Cracked Teeth is a condition in which the tooth develops a crack. Cracked teeth occur when you bite hard into anything or due to trauma or due to tooth decay. Cracked tooth usually is not very painful, unless you have been in an accident. Symptoms of cracked tooth are an erratic pain when chewing, or pain when exposed to extremes of temperature.
HOW IS CRACKED TEETH DIAGNOSED?
Diagnosing CTS has been a challenge to dental practitioners and is a source of frustration for both the dentist and the patient. Identification can be difficult because the discomfort or pain can mimic that arising from other pathologies, such as sinusitis, temporomandibular joint disorders, headaches, ear pain, or atypical orofacial pain. Thus, diagnosis can be time-consuming and represents a clinical challenge. Early diagnosis is paramount as restorative intervention can limit propagation of the fracture, subsequent microleakage, and involvement of the pulpal or periodontal tissues, or catastrophic failure of the cusp. The ease of diagnosis varies according to the position and extent of the fracture. Mandibular second molars, followed by mandibular first molars and maxillary premolars are the most commonly affected teeth. The tooth often has an extensive intracoronal restoration. The pain may sometimes occur following dental treatments, such as cementation of an inlay, which may be erroneously diagnosed as interferences or high spots on the new restoration. Recurrent debonding of cemented intracoronal restorations such as inlays may indicate the presence of underlying cracks.

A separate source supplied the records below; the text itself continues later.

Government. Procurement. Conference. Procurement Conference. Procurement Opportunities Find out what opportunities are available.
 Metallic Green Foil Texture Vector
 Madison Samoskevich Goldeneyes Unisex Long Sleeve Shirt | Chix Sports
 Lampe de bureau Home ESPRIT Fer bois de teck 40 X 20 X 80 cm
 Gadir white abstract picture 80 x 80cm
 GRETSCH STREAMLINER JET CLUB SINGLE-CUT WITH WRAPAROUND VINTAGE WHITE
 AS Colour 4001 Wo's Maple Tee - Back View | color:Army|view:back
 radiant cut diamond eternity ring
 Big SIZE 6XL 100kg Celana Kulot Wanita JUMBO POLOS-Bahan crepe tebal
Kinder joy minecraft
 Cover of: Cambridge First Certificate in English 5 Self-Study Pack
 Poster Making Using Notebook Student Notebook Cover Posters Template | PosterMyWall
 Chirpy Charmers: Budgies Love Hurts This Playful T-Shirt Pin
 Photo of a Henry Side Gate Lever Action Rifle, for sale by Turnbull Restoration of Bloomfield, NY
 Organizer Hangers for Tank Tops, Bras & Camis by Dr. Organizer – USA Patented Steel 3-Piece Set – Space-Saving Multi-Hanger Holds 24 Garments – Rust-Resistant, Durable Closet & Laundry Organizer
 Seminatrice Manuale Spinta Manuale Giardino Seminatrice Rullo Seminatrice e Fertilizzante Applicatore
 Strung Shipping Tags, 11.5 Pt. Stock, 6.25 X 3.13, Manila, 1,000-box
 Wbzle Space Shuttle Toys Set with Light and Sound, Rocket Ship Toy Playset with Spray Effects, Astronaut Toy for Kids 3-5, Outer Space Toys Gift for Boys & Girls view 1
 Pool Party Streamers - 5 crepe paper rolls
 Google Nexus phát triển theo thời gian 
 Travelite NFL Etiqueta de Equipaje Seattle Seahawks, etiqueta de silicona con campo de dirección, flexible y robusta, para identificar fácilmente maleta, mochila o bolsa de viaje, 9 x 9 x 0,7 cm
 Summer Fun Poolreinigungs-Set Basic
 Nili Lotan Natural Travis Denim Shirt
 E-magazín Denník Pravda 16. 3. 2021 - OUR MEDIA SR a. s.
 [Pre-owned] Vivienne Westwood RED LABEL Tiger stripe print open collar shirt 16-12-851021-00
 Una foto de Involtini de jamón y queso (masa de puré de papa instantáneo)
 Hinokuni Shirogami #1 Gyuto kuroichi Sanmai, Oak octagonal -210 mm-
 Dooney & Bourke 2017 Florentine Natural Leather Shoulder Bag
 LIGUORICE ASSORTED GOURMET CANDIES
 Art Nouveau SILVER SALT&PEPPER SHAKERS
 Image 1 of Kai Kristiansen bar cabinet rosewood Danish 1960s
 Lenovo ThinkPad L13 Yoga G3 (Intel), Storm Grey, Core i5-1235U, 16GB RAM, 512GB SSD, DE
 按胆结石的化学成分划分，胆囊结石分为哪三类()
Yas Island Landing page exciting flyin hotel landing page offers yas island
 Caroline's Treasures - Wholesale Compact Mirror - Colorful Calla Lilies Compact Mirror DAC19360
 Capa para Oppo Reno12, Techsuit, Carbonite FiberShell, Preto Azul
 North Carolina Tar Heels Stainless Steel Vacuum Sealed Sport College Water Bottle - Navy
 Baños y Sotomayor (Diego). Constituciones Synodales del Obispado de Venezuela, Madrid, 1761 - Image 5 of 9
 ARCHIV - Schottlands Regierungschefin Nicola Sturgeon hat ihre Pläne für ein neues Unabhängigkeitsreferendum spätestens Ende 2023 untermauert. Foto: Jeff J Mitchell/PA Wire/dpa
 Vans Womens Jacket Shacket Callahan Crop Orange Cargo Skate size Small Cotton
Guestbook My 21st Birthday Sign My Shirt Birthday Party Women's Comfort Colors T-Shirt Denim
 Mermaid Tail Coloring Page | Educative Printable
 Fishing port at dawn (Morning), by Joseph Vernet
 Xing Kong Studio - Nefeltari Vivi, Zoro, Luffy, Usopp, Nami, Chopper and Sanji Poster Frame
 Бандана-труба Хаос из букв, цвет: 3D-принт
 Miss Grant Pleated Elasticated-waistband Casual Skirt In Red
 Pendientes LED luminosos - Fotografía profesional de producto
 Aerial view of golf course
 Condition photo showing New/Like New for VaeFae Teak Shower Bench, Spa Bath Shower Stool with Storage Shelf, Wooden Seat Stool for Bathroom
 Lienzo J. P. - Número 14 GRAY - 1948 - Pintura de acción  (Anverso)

HOW IS CRACKED TEETH TREATED?
The dentist may make use of full restoration of the tooth with onlay or a crown molding so as to treat the condition and help you chew your food without pain. The tooth may also have to be extracted in some cases to protect the cusp and prevent decay.
DID YOU KNOW?
The dentistry procedure may have a solution but it’s best to have a healthy diet and take good care of your teeth to prevent them from chipping and cracking naturally.